[[ Materials provided, beginning ]]
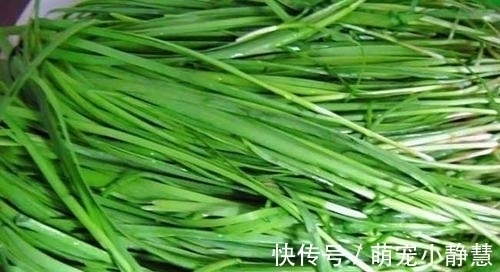 选购韭菜时,看到这4种扭头就走,摊主:眼真尖,是识货的主!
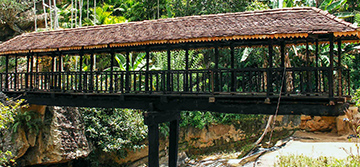 Bogoda Wooden Bridge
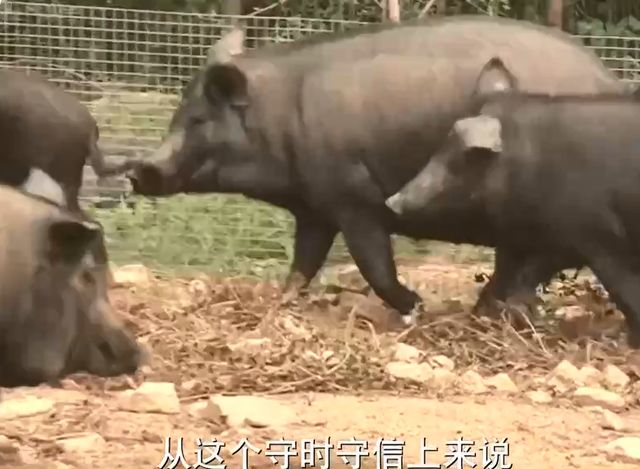 2012年山东男子投资200万养藏香猪,现年卖3500万,2点经验可借鉴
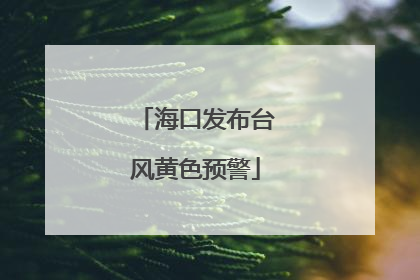 海口发布台风黄色预警
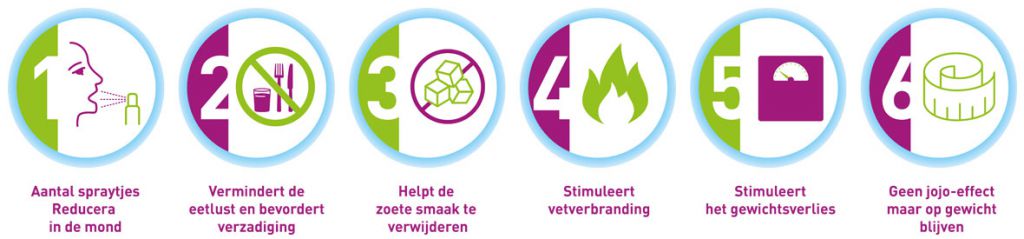 Reducera.nl | De kracht van reducera samengevat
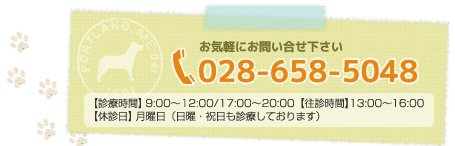 お気軽にお問い合せ下さいTEL.028-658-5048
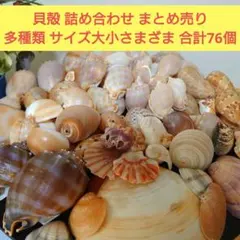 2026年最新】貝殻まとめ売りの人気アイテム - メルカリ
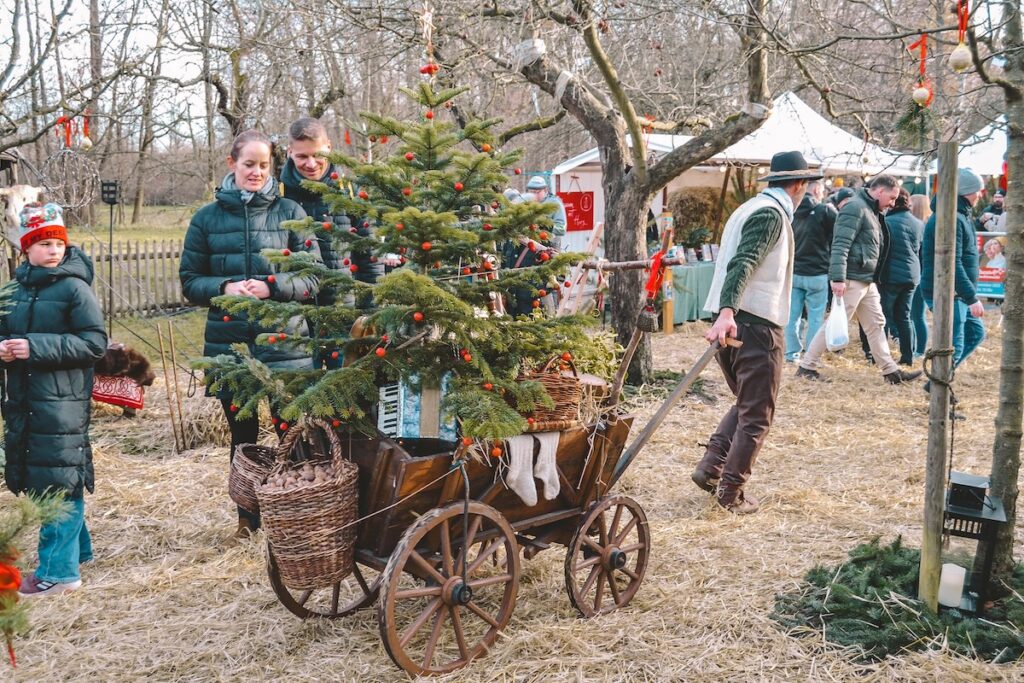 a man pulling a wagon with a Christmas tree at Christmas market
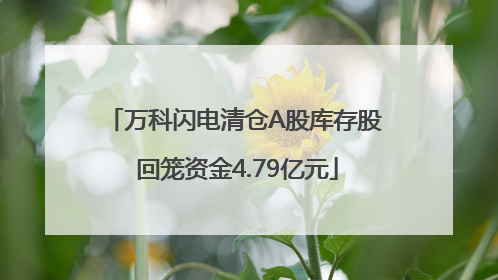 万科闪电清仓A股库存股 回笼资金4.79亿元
[[ Materials provided, end ]]
Task instructions: Retype the data in full. Images do not go in the copy.

Written reply:
 选购韭菜时,看到这4种扭头就走,摊主:眼真尖,是识货的主!
 Bogoda Wooden Bridge
 2012年山东男子投资200万养藏香猪,现年卖3500万,2点经验可借鉴
 海口发布台风黄色预警
 Reducera.nl | De kracht van reducera samengevat
 お気軽にお問い合せ下さいTEL.028-658-5048
 2026年最新】貝殻まとめ売りの人気アイテム - メルカリ
 a man pulling a wagon with a Christmas tree at Christmas market
 万科闪电清仓A股库存股 回笼资金4.79亿元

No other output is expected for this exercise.